Lincoln Center Festival 2012 | Émilie

Sometimes you find the most interesting things in the oddest places.  For example, I was perusing Time Out New York at work today (because I was bored) when I saw an ad for The Lincoln Center Festival.  What really caught my eye was the title Emilie.  For some reason, I just assumed that it had to be about one of my favorite Scandalous Women, Emilie du Chatelet.  And I was right. 

Here is the description:

Émilie is a modern one-singer, multimedia tour de force about an extraordinary woman: French Enlightenment thinker Émilie du Châtelet. Émilie was many things: the brilliant physicist who first defined kinetic energy; mistress to Voltaire, among other luminaries; a prodigious mathematician and the translator of Newton’s Principia Mathematica; the author of a treatise on the happiness of women; a pioneer of what are now called financial derivatives, which she invented in part to pay off a $1 million debt to card sharks accrued in an unlucky night gambling—all achieved before she died in childbirth in 1749, when she was 42.

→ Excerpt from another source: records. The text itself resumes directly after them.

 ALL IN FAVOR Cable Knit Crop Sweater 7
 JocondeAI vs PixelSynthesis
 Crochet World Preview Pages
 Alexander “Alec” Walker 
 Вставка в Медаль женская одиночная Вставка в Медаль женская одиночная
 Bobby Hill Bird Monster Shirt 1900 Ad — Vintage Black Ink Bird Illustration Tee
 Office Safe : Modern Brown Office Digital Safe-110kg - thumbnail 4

Finnish composer Kaija Saariaho is one of the most influential composers of the late 20th and early 21st centuries. Her signature style was largely influenced by her years studying in Paris at IRCAM, where she learned unique techniques to blend live music with electronic effects. Here, she uses elevated speech and soaring melodic arcs to convey her heroine’s rumination on life and the universe, from the tiny new life inside her womb to the vastness of interstellar space, as Émilie struggles with her place in a universe larger than most of us ever contemplate.

World-renowned soprano Elizabeth Futral sings the title role with elegant depth and extreme technical skill, singing almost continuously for the entire 75-minute work. Futral unfolds her character under the direction of Marianne Weems, best known as the artistic director of The Builders Association, whose work exploits the richness of contemporary technologies to extend the boundaries of theater.

Doesn't it sound fascinating? I totally have to buy a ticket to see this.